*EXERCISE AIM:*
Verbatim copy, images omitted: return the full listing.

*DATASET SECTION:*
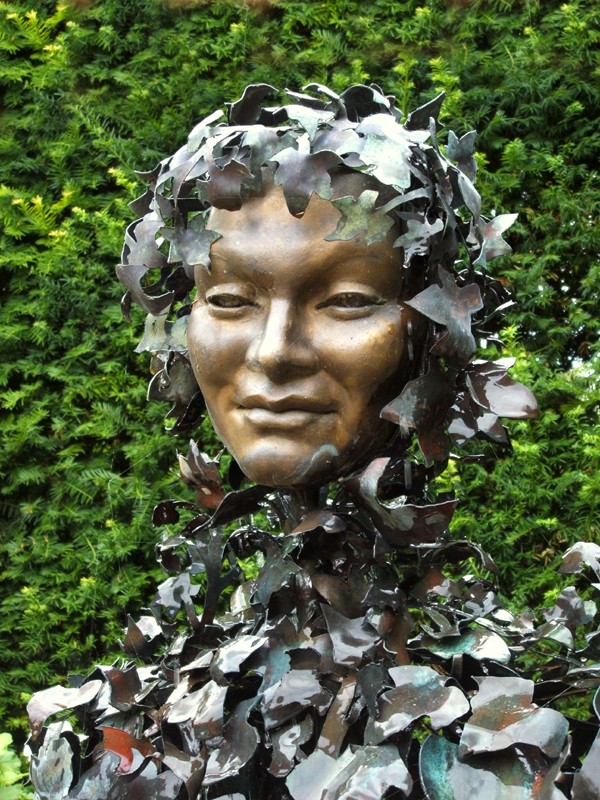 … an amewsing girl … (Click to enlarge)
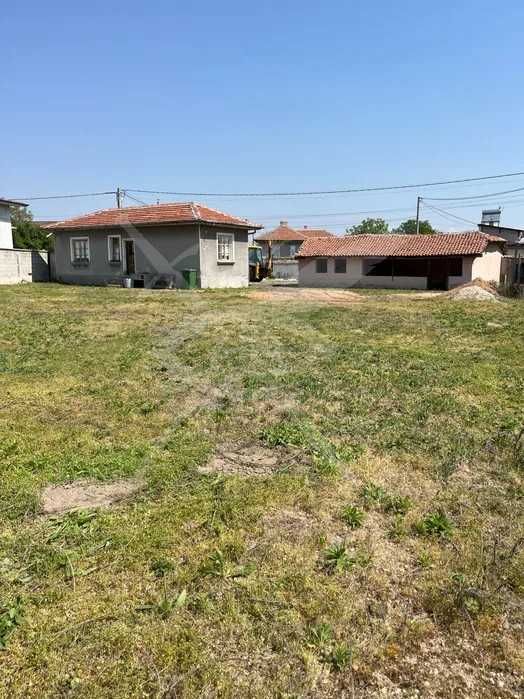 Къща в китното селце Граф Игнатиево!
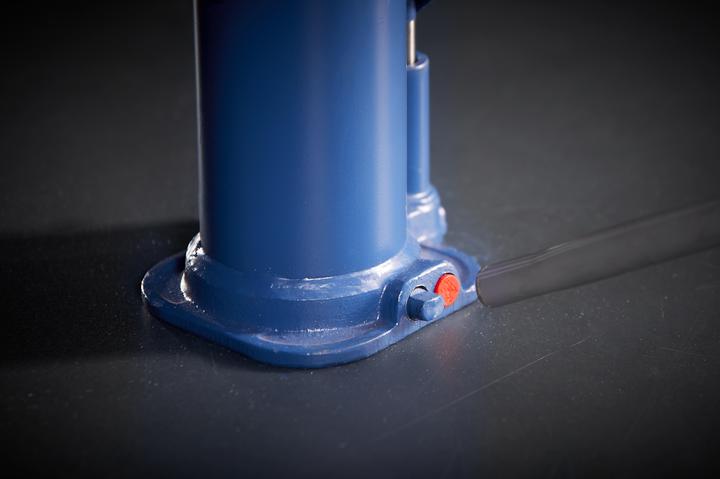 Actual product image Cartrend Hydraulic jack, stick jack 5T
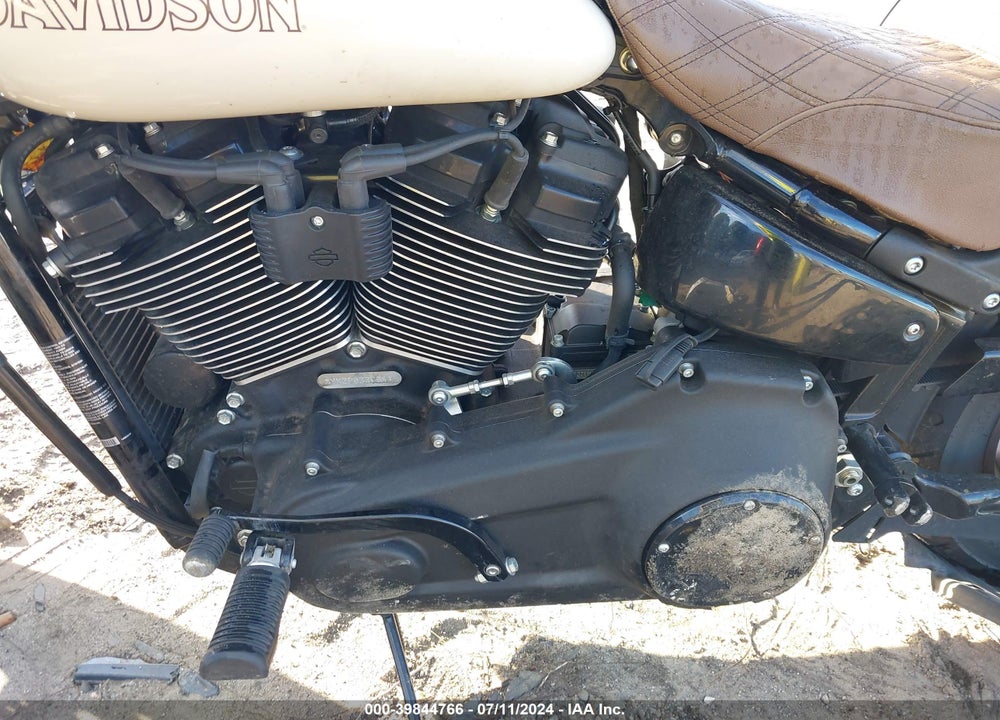 2023 HARLEY-DAVIDSON FXLRST VIN: 1HD1YXZ10PB033854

*ANSWER TO THIS EXERCISE:*
 … an amewsing girl … (Click to enlarge)
 Къща в китното селце Граф Игнатиево!
 Actual product image Cartrend Hydraulic jack, stick jack 5T
 2023 HARLEY-DAVIDSON FXLRST VIN: 1HD1YXZ10PB033854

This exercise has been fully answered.